= Richard Granger =

British businessman (born 1965)

Richard Granger (born c.1965) is a British management consultant and former UK civil servant who was Director General for the NHS's information technology project, Connecting for Health.

== Early career ==

Granger worked for Andersen Consulting (now Accenture) and in the oil industry. After Andersen he became a partner at Deloitte Consulting. At Deloitte he was responsible for procurement and delivery of a number of large scale IT programmes, including the Congestion Charging Scheme for London.

== NHS ==
In 2002 Granger was appointed Director General of Information at the National Health Service, with responsibility for the NHS IT centralisation scheme, NPfIT (National Programme for IT), later rebadged as NHS Connecting for Health or CfH.

Granger was recognised with a number of awards for his work in the NHS. These included an honorary doctorate in Public Health from Cass Business School, London, Chartered IT Professional status and advancement to Fellowship of the British Computer Society. Granger was a member of the Advisory Panel for the production of the ITGI's COBIT 4.1 IT Governance Guide. On 26 April 2006 Granger was featured extensively in the BBC Programme 'Modern Brunels' regarding the Public Health benefits of more accessible information in the Health sector.

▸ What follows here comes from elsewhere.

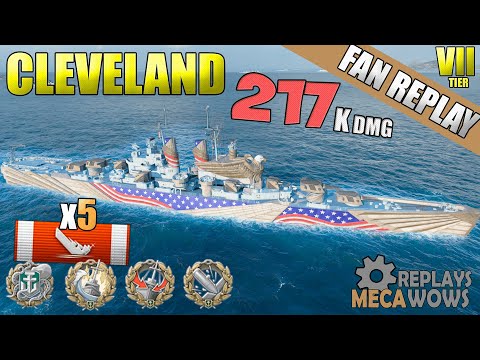 Cruiser Cleveland KRAKEN 217K Damage | World of Warships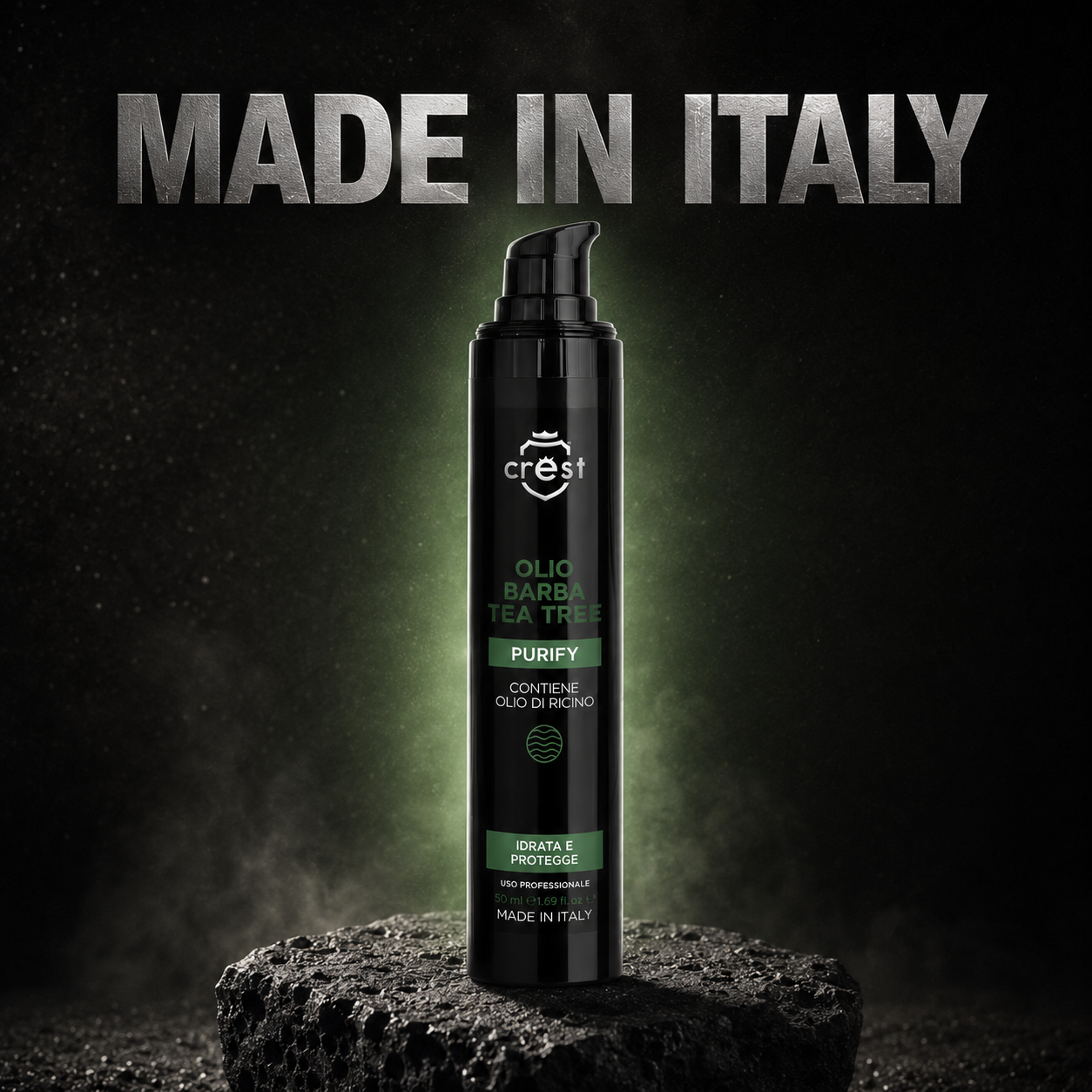 CREST Beard Oil Tea Tree da 50 ml su pietra lavica nera, in un’ambientazione premium dedicata al Made in Italy.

In October 2006, he was suggested by The Sunday Times to be the highest paid civil servant, on a basic of £280,000 per year, £100,000 per year more than then-Prime Minister Tony Blair. Granger announced on 16 June 2007 that he would leave the agency "during the latter part" of 2007. He transitioned out of the role and left CfH in February 2008.

== KPMG ==
After departing the NHS he joined KPMG as a partner in 2008.